Weekly Pause & Ponder

Weekly Pause & Ponder

When people begin to think about God in relation to this world, the stunning natural world opened up to our wonder but being destroyed by our wasting leads to a whole new approach. In former times, the basic conception of the world was that it was created in the beginning and remained a static entity; God’s activity consisted primarily in maintaining what had already been established. Now that we realize that the world is becoming, that genuinely new things come into being by evolution and other processes, fresh ideas of divine presence and agency are needed. To date these have centered on the Spirit of God, called the Creator Spirit in the great medieval hymn Veni Creator Spiritus. As it integrates the revelatory experience of a personal God into an expansive cosmological setting, ecological theology, replete in its fullest measure with social justice and eco-feminist insights, is mapping yet another new frontier.

Quest for the Living God: Mapping Frontiers in the Theology of God, by Elizabeth Johnson, p. 187.

Weekly Pause & Ponder

We use the term “consciousness” to refer to how you experience the world. This use of consciousness includes all of your perceptions, both conscious and unconscious. A closely related term is worldview.

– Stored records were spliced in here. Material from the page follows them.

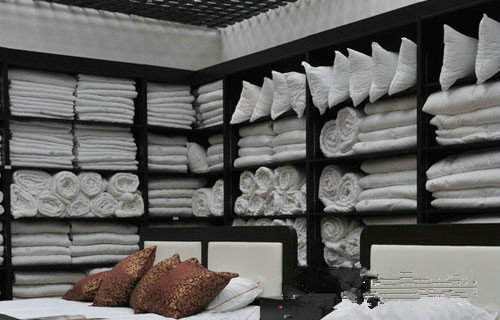 如何让床品铺出高级感,如何让酒店床品变得更白更柔软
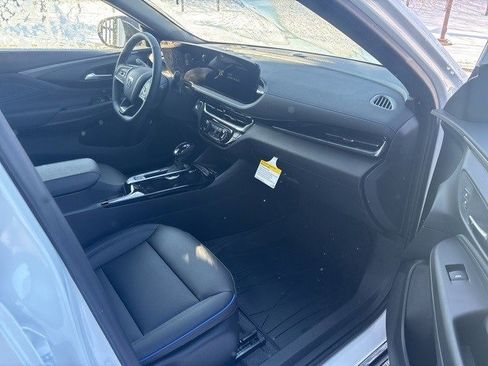 New 2025 Buick Envista Sport Touring w/ Convenience I Package image 10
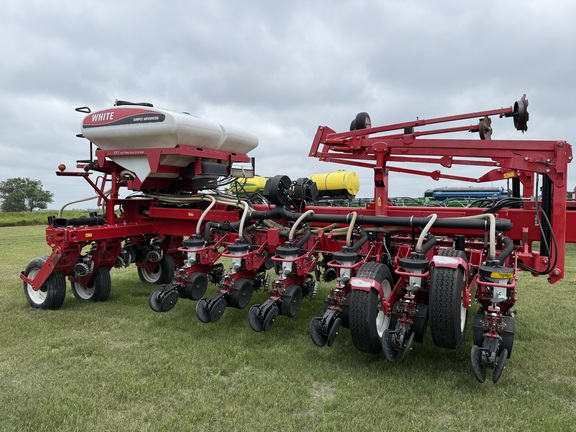 2013 AGCO White 8800 Planter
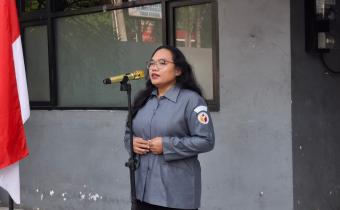 Anta Ovia Bancin selaku Anggota Bawaslu Kota Jakarta Barat pengampu divisi Hukum dan Penyelesaian Sengketa menyampaikan mengenai integritas pada Giat Apel Pagi (29/06)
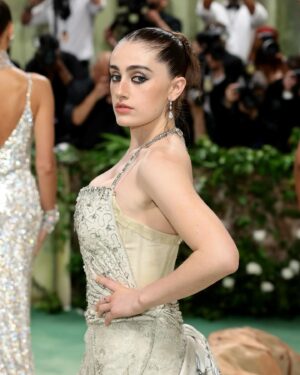 Rachel Sennott Instagram - Baby’s first met 🤍🕊️ thank you @voguemagazine and @balenciaga for having me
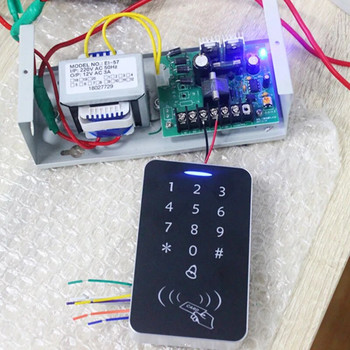 Самостоятелна система за контрол на достъпа RFID 125KHZ Контрол на достъпа Клавиатура цифров панел Четец на карти интелигентна система за заключване на врати 2000 потребител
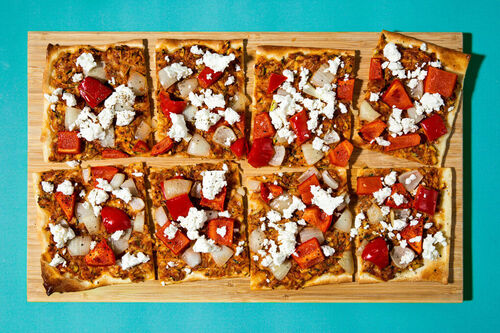 Paprika-Zwiebel-Flammkuchen mit Feta herzhaft mit Zucchini in Tomaten-Oliven-Pesto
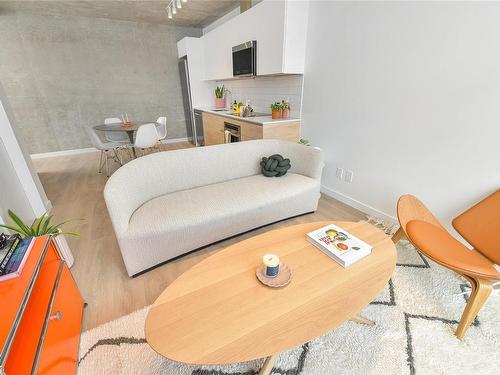 1308-1097 View St, Victoria, BC - Indoor Photo Showing Living Room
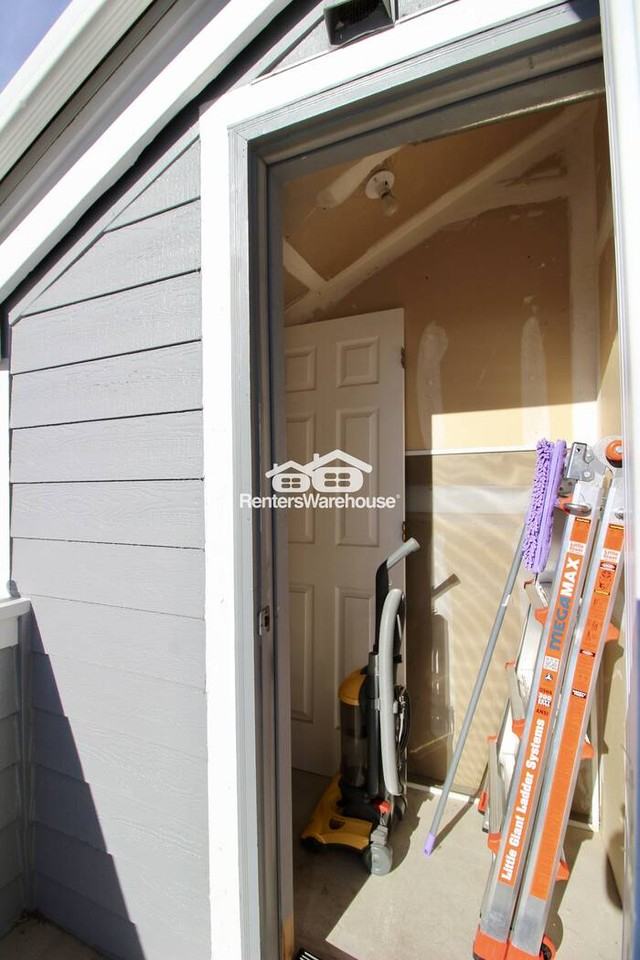 8500 E Jefferson Ave #10J - Photo 7 of 23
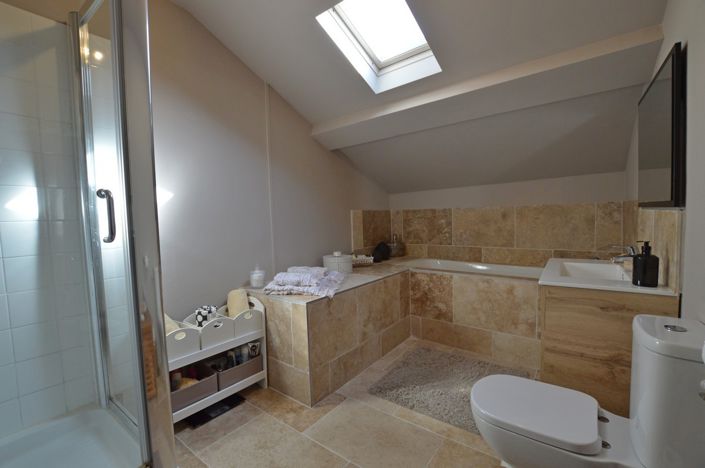 Image No.20-Maison de campagne de 6 chambres à vendre à Duras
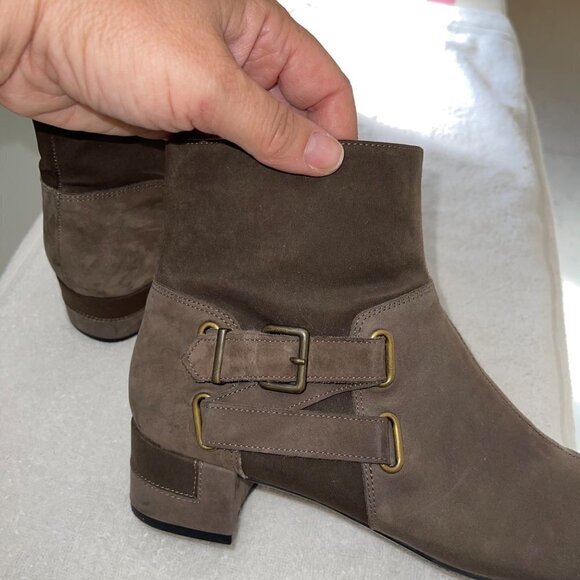 Vaneli Suede Boots Womens Size 9 Narrow Side Zipper Buckle Detail Brown Taupe - Picture 9 of 12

At times, how you experience the world may feel completely involuntary. “I view the world this way because the world is this way – what other way is there to view it?” It can be very difficult to shift a firmly entrenched model of reality. We can get pretty attached to what we think is true, important, and real – even when presented with evidence to the contrary. To a great extent, our worldview determines our perception of reality. What our worldview doesn’t expand to contain quite literally escapes our perception. We just don’t see it. This perception of reality colors our reactions and actions, every moment of every day.

Living Deeply: The Art and Science of Transformation in Everyday Life, by Schlitz, Vieten and Amorok, p. 18.

Weekly Pause & Ponder

To grasp the dynamism of Christianity, one must accept evolution as the explanation for unfolding life. Evolution is not background to the human story; it is the human story.   ...Teilhard recognized that there is a unifying influence in the whole evolutionary process, a centrating factor that continues to hold the entire process together and move it forward toward greater complexity and unity. His faith in Christ led him to posit Christ as the future fullness of the whole evolutionary process. Christ is the centrating principle, the pleroma, and the Omega Point where the individual and collective adventure of humanity finds its end and fulfillment. Through his penetrating view of the universe, he found Christ present within the entire cosmos, from the least particle of matter to the convergent human community. The whole cosmos is incarnational.

From Teilhard to Omega: Co-creating An Unfinished Universe. Edited by Ilia Delio, p.172 and 173.

Weekly Pause & Ponder

In the case of the cosmos, we can say that God as Creator is incarnate as self-creating universe, such as, for instance, ourselves as human beings. Creativity itself is what is evolving in the cosmos, and we are at the growing edge as the Trinitarian Life Cycle moves from Transcendent to Incarnate to Realized. We are in a position to realize ourselves as incarnate divine creativity. This has two effects. It makes the whole thing intensely meaningful. ...And this is the other effect: we bear some responsibility. We have to take our part in the work. What will we do? What are we “supposed to” do?

God’s Ecstacy: The Creation of a Self-Creating World, by Beatrice Bruteau, p. 178.

Weekly Pause & Ponder

To be a disciple of Jesus is not to cling to Jesus but to go forth as part of the cosmic family, to enter into new relationships. The message of Jesus can be summed up in several key ideas: make wholes where there are divisions, forget the past and go forward, allow the Spirit to work in you to create a new future; do these things because God seeks a new presence in the cosmos, a new unity in love, peace, and justice. The whole gospel message is based on the advent of new life. Jesus shows us that new life is possible; indeed, the risen Christ is the hope of the cosmos, the Christ who is coming to be in and through us.  ...Christian life is a way of being related in the world and to the world. It is recognizing that relationships form the field of gospel values rather than gospel values forming relationships.
The Emergent Christ: Exploring The Meaning Of Catholic In An Evolutionary Universe, by Ilia Delio, p. 110.